Elisa Gabbert of The French Exit asks a much better question than, “Is poetry dead?”

She asks, “Is poetry boring?

Her answer:
“Is poetry boring? Yes, of course it is. Life is boring. Writing of all kinds (novels, movie reviews, the news) is boring, museums are boring, TV and movies and the Internet are mostly boring, exercise is boring, work is boring, school is boring, even sex can be boring. Most of modern life is an elaborate exercise in killing time, since there is little doubt we’ll all live into our nineties, if not eternally. Anything novel is a temporary cure for boredom (a new hobby, being pregnant for the first time, drugs) but things become boring again eventually (even money).”

Gabbert’s being glib, but she is also raising a worthwhile point.

First, let’s clarify the obvious. Not all poetry is boring. Gabbert is a poet. No one needs to tell her this.

But poetry can seem boring, especially when you’re inundated with mediocre examples. If somebody told me that they thought music was boring, I’d laugh them off. If somebody told me that they thought reading was boring, I’d tell them they were reading the wrong stuff.

But if somebody called poetry boring, I might let their point slide.

I’ll admit that this says something about me. I haven’t worked hard to find new poets that excite me (unless you count Skyzoo.) Poetry is no more boring than any other form of entertainment. If you’re only aware of the mediocre examples; then, yes, you’ll think it’s boring.

But the academia in poetry have also (inadvertently) cultivated this perception of stuffiness.

Poets are aware of this perception. That’s why Gabbert writes a post titled Is Poetry Boring? That’s why Clay Banes had a blog called POETRY IS SO BORING. That’s why Amiri Baraka wrote an essay headlined Why Most Poetry is Boring, Again (page eight of the PDF.)

Baraka writes, “One wonders, is it still called “high art?” Now too high to deal with the angst and pain and ignorance of the real world – though certainly an obtuse registry of it.

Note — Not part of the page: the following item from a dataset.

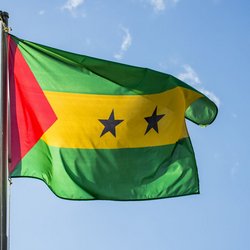 Die Flagge von Sao Tomé und Principé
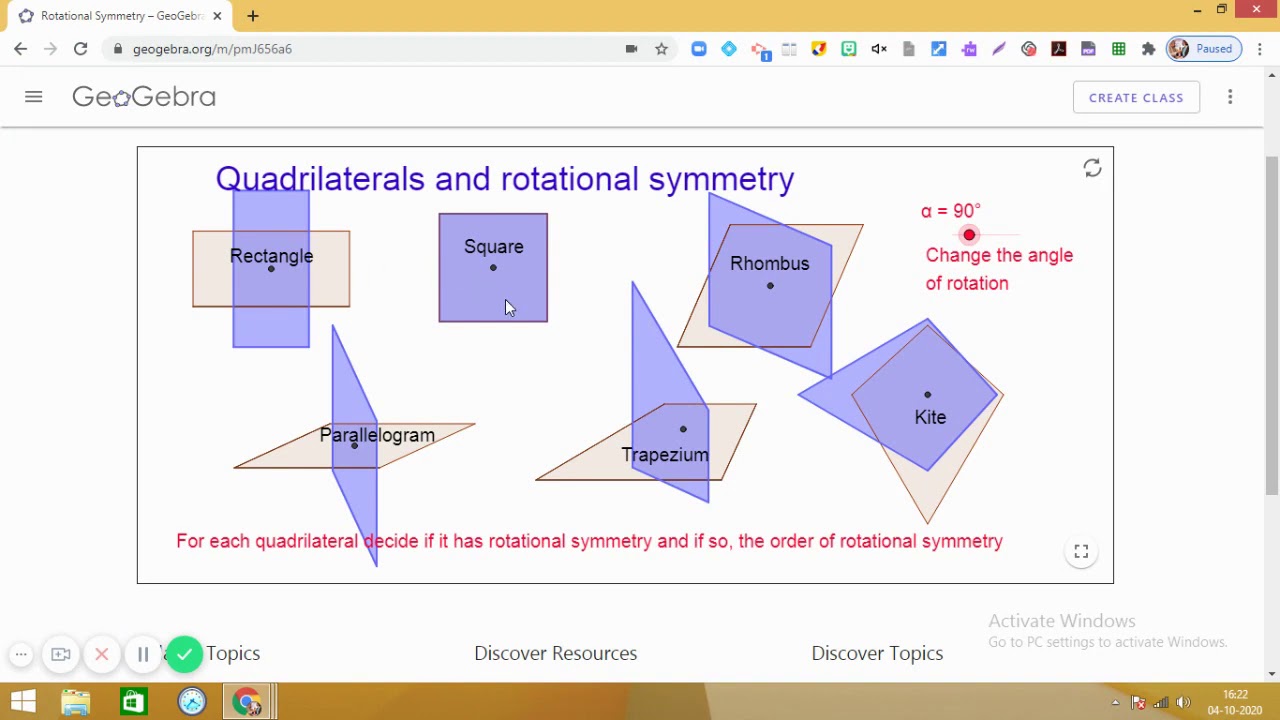 Joyful Learning of Mathematics| Exploring Rotational Symmetry in quadrilaterals  using GeoGebra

Content with the masturbatory inoffensiveness of an actual loyal opposition, inferred loudly as “deep” intellectualism. Childish feints at surrealism, useless abstraction, jokey pop art, inside jokes for the uncognoscenti, all pass as, wow, poetry!”

Baraka’s not expressing anything new here either. Joseph Joubert already said, “How many people make themselves abstract to appear profound? The great part of abstract terms are shadows that hide a vacuum.”

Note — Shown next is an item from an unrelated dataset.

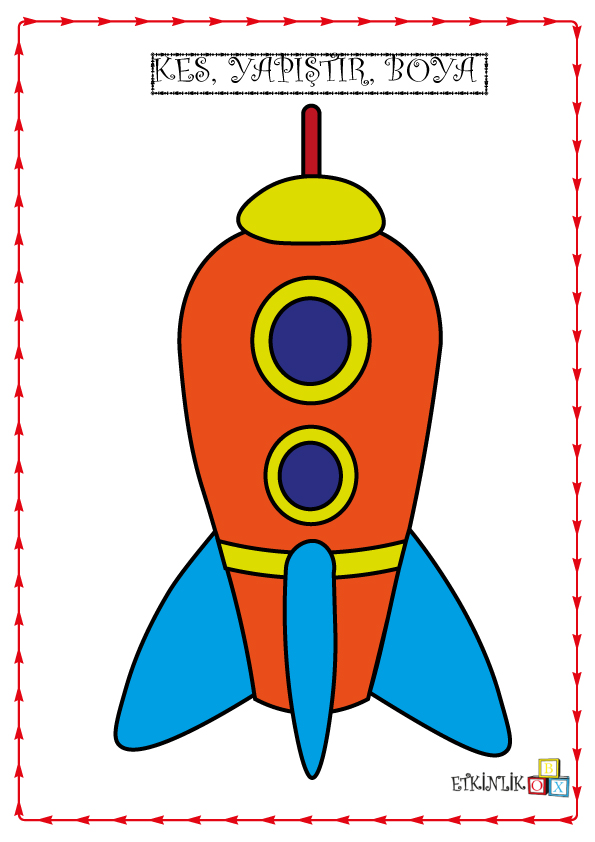 Roket -4- Kes Yapıştır Boya örnek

So how does poetry stop being boring? How does anything stop being boring? It needs to ditch the abstraction and navel-gazing and say something worthwhile. In the words of Pharcyde (last hip-hop reference today), they need to kick something that means something.

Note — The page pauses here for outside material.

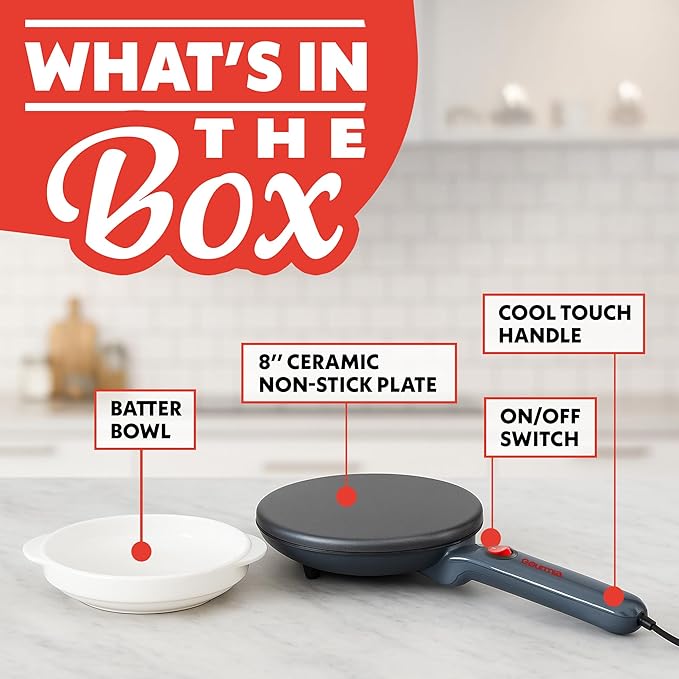 Gourmia 8” Electric Crepe Maker – Nonstick Ceramic Surface, One-Touch Operation, Includes Batter Tray, Compact & Easy to Clean, Crepe, Pancake & Tortilla Maker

Until poets and any other artists do, they will remain boring.

-Jason Lea, JLea@News-Herald.com

P.S. Gabbert later clarifies in her comments that “The subtext of this post is that I think there’s value in boredom. Running is a lot more boring than watching TV, which is why I think a lot more when I’m running than when I’m watching TV. The only escape from boredom is your own thoughts.”

She is taking a different tact than me. She is finding value in the boredom, which is admirable. Sadly, I can't do that. Boredom bores me.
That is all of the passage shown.